El Autor Eduardo Carlos Centellas Ramos en el libro “La Prueba Judicial” ilustra: “Ahora bien, la Carga de la Prueba que nos interesa aquí, se trata sin duda decía Couture: ‘del problema más complejo y delicado de toda esta materia. La doctrina se debate hace siglos frente a los problemas de este punto, que afectan no solo los principios doctrinales, sino a la política misma de la prueba’. De todas formas, consideraba el autor citado, la Carga de la Prueba, quiere decir en primer término estrictamente procesal una conducta impuesta y una sanción, porque ‘la ley crea al litigante la situación embarazosa de no creer sus afirmaciones, en caso de no ser probada’, pero ‘la Carga de la prueba no supone, pues, ningún derecho del adversario, sino un imperativo del propio interés de cada litigante; es una circunstancia de riesgo que consiste en que quien no prueba los hechos que ha de probar pierde el pleito”.
Por su parte, el art. 328.I del Código de las Familias y del Proceso Familiar establece: “Las afirmaciones de hecho efectuadas por una parte y las que hubieren sido controvertidas por la otra, deberán ser probadas”.

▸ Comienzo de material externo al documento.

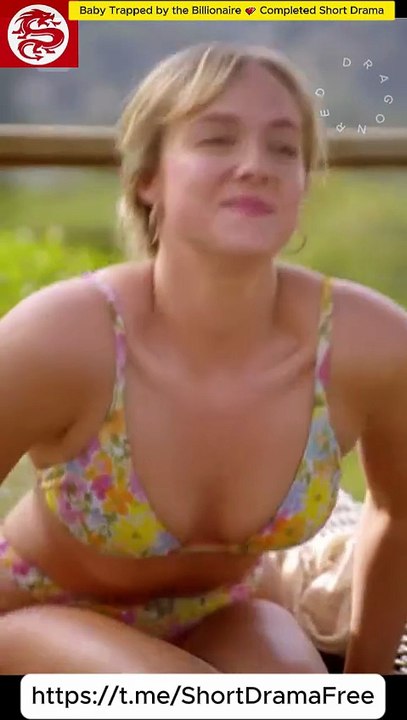 Baby Trapped by the Billionaire 💕 Completed Short Drama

La carga de la prueba no debe entenderse como un deber – obligación impuesto a las partes procesales, en el entendido que su incumplimiento no conlleva una sanción, más bien, la carga de la prueba es una actividad voluntaria – necesaria, un acto de interés propio tendiente a demostrar con prueba legal los argumentos y pretensiones del derecho demandado, su omisión o inactividad procesal en cuanto a la carga de la prueba trae como única consecuencia perjudicial la falta de credibilidad por parte del juzgador respecto a los hechos alegados y no probados, que por lógica jurídica determinará la improcedencia del derecho reclamado, toda vez que el juzgador ante la inexistencia de prueba no puede dejar de fallar.
Los fundamentos doctrinales abordados no solo están dispuestos en el art. 1283 del Código Civil, es coincidente en el caso de la materia con el art. 328 del Código de las Familias y del Proceso Familiar, que de manera clara estipula que la carga de la prueba corresponde a las partes procesales conforme a sus afirmaciones efectuadas a tiempo de demandar y contestar u oponer excepciones.